上記の通り、吉野家の赤字転落は牛丼の売上低迷というよりも、人手不足(人件費上昇)や物流コスト増、原価高といった日本の外食産業が抱える構造的問題に起因するところが大きく、それだけに株価回復のストーリーは描きにくい状況だった。

日米の「牛肉関税引き下げ合意」で環境好転?

吉野家の株価が低迷から脱出するキーポイントになったと見られるのが「日米の牛肉関税引き下げ」の合意である。日本で消費される牛肉の約3割はオーストラリア産、約2割が米国からの輸入となっている。日本政府は国内産業の保護のために海外産の牛肉に対し38.5%の関税を課していたが、2018年末に合意したTPP(環太平洋パートナーシップ協定)で加盟国に対し関税を段階的に引き下げることで合意。オーストラリア産牛肉については2019年4月から26.6%、2020年4月からは25.8%、そして最終的に2033年に9%まで引き下げることとなっている。

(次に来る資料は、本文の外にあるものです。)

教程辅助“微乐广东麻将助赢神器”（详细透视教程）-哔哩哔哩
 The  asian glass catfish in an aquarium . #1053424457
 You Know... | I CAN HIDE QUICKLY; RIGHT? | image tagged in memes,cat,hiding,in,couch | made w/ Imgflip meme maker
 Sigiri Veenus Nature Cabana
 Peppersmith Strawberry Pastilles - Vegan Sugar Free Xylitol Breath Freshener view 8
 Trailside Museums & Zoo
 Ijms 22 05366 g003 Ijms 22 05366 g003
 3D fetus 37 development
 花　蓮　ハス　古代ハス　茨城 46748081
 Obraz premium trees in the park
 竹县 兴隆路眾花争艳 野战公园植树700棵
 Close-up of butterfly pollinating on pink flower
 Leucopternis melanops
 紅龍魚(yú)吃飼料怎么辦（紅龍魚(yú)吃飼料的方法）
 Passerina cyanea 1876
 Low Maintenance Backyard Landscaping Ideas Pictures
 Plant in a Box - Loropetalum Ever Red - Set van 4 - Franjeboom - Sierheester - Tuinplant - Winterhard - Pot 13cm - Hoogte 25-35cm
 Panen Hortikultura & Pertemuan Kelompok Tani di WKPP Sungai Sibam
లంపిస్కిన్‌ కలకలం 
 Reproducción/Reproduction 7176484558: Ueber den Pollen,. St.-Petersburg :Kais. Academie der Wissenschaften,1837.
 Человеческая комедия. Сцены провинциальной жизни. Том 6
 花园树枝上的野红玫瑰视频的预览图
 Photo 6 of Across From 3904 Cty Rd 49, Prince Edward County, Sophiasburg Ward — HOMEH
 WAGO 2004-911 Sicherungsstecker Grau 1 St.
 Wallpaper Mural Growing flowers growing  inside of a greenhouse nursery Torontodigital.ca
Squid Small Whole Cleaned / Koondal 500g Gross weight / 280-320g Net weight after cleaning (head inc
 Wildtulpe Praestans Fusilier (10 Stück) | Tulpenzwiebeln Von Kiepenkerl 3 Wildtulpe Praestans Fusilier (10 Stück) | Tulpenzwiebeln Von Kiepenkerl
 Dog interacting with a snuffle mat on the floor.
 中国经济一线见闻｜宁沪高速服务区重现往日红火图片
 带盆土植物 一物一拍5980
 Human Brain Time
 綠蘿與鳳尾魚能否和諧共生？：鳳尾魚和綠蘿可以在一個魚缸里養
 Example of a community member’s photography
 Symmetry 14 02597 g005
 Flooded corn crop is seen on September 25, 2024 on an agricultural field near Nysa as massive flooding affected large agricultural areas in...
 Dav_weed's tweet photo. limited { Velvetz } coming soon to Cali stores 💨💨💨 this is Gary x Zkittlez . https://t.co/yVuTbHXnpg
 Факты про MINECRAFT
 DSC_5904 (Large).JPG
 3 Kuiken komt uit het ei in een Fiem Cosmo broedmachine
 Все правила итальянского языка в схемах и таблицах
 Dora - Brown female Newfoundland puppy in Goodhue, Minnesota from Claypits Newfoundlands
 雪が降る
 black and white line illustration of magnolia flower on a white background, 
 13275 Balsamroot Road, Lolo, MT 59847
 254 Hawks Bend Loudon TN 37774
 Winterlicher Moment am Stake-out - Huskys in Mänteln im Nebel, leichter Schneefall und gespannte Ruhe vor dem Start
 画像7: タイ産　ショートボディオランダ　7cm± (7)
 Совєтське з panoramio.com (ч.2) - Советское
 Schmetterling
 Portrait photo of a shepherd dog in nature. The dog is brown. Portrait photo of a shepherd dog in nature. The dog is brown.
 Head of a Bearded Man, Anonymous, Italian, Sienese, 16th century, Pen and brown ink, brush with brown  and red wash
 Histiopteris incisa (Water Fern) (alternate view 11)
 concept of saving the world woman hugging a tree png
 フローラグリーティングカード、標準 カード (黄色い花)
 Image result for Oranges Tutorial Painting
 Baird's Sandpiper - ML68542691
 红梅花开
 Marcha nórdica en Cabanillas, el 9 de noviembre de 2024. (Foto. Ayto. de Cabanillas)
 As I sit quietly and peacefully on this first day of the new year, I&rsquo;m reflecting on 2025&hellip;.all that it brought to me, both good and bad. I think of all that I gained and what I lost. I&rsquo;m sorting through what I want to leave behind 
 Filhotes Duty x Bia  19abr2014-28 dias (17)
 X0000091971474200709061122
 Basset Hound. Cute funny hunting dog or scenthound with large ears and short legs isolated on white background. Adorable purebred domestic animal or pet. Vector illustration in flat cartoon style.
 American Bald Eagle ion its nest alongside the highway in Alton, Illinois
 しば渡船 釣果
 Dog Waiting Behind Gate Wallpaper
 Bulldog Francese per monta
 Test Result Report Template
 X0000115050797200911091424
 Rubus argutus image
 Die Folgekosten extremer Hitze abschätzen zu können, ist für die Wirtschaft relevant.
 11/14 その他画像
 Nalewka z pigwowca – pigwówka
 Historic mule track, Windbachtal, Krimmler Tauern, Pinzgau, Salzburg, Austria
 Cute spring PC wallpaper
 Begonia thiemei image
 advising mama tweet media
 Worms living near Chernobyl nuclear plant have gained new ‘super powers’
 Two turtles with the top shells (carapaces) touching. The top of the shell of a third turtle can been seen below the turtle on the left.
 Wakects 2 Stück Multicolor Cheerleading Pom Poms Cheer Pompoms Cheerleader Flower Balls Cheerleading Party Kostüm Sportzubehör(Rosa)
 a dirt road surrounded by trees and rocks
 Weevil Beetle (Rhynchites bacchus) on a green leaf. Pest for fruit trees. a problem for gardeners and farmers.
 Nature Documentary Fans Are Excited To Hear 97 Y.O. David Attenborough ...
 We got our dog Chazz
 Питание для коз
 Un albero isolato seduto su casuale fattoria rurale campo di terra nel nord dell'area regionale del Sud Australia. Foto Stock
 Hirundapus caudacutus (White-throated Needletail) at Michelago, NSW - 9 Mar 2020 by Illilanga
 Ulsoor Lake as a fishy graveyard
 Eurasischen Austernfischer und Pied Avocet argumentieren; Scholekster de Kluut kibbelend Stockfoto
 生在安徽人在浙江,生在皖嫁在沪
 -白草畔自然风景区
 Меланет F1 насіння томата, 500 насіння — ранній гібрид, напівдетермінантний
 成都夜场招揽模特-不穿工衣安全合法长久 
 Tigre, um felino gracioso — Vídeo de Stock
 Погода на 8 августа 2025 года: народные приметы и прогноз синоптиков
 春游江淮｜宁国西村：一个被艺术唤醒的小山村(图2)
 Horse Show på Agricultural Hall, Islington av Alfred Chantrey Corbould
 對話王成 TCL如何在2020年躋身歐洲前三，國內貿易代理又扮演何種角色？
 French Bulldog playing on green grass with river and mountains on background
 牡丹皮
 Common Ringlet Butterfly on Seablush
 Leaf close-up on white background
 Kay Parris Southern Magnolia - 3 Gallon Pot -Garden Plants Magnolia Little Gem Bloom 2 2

一方の米国とは日米貿易協定で個別交渉が続いていた。トランプ大統領がハードな貿易交渉をしていたこともあって、自動車や牛肉などの関税に対する懸念が拡大していた。そんな情勢に好転の兆しが見られたのは、6月13日にワシントンで行われた日米閣僚級協議である。日本政府は、米国から輸入される牛肉や豚肉などの関税をTPPに合わせて段階的に引き下げる案を提示したのである。